About this exercise → Reproduce the listing below exactly, minus its pictures.
****************************************
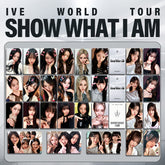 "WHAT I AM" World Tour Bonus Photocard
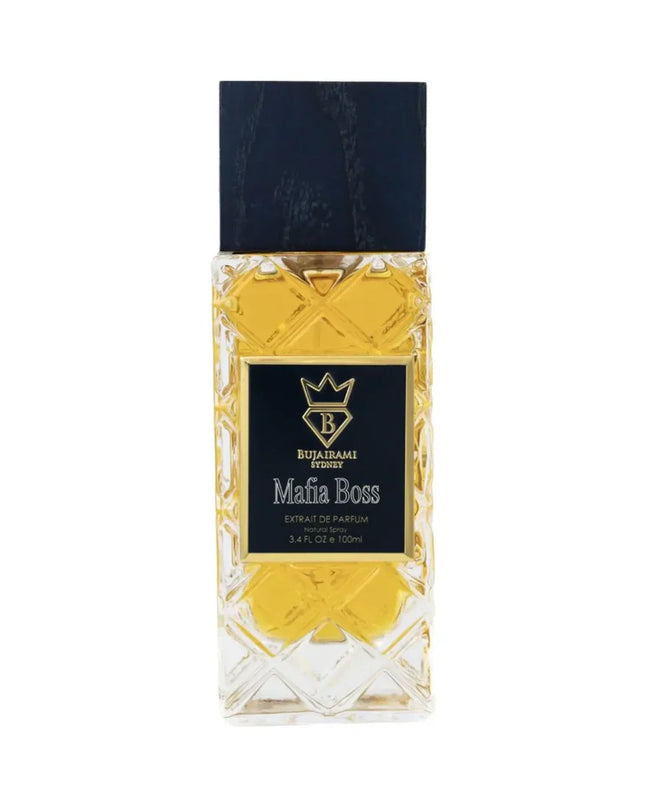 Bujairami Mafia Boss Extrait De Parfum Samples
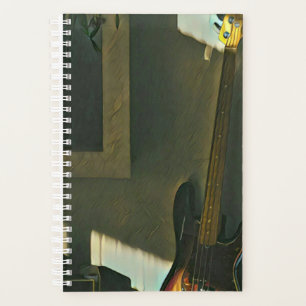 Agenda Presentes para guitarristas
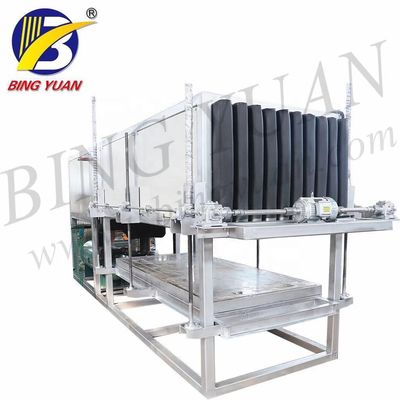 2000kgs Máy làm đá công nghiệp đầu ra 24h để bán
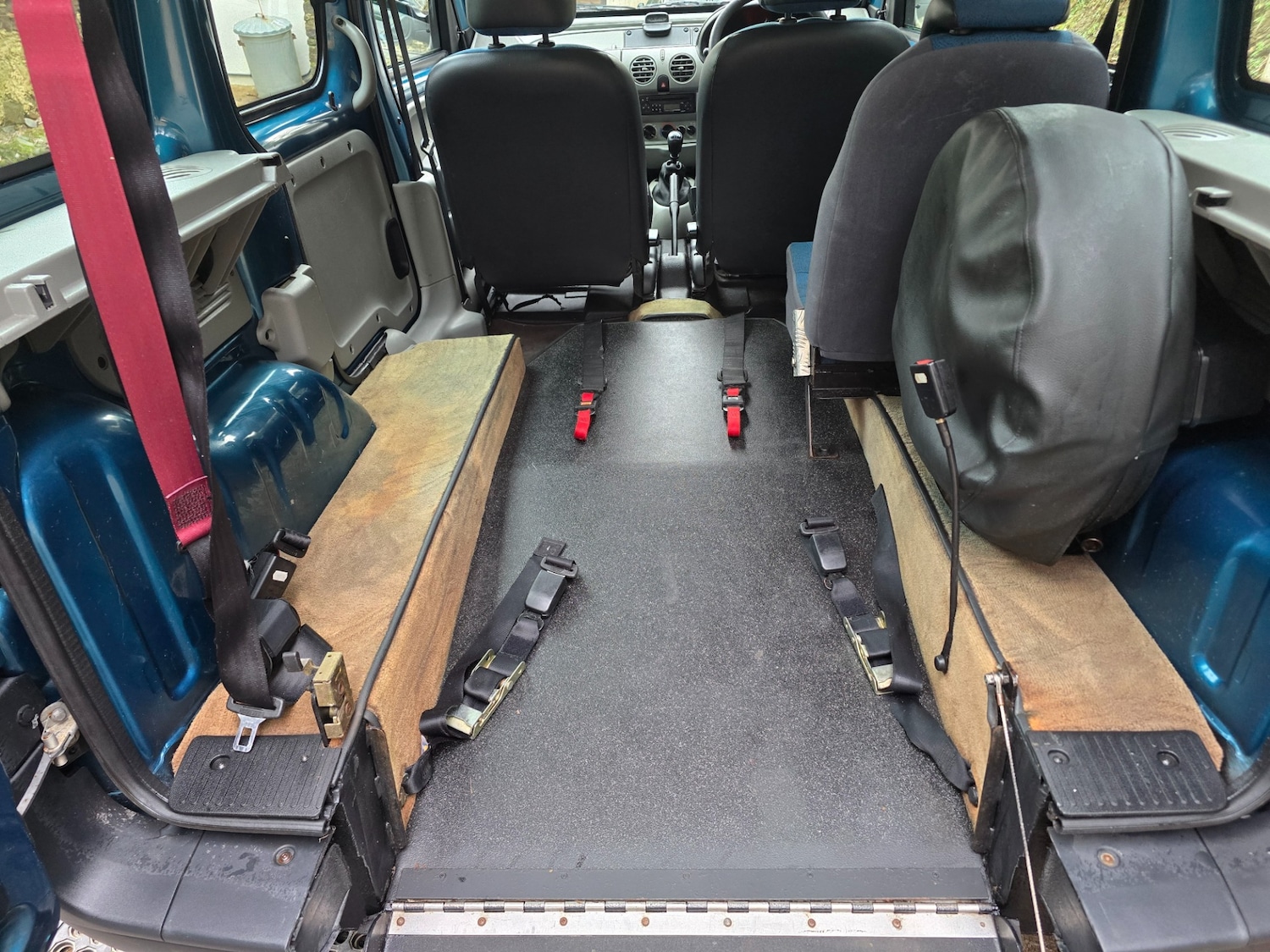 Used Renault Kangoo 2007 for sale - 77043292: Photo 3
****************************************
Reply →
 "WHAT I AM" World Tour Bonus Photocard
 Bujairami Mafia Boss Extrait De Parfum Samples
 Agenda Presentes para guitarristas
 2000kgs Máy làm đá công nghiệp đầu ra 24h để bán
 Used Renault Kangoo 2007 for sale - 77043292: Photo 3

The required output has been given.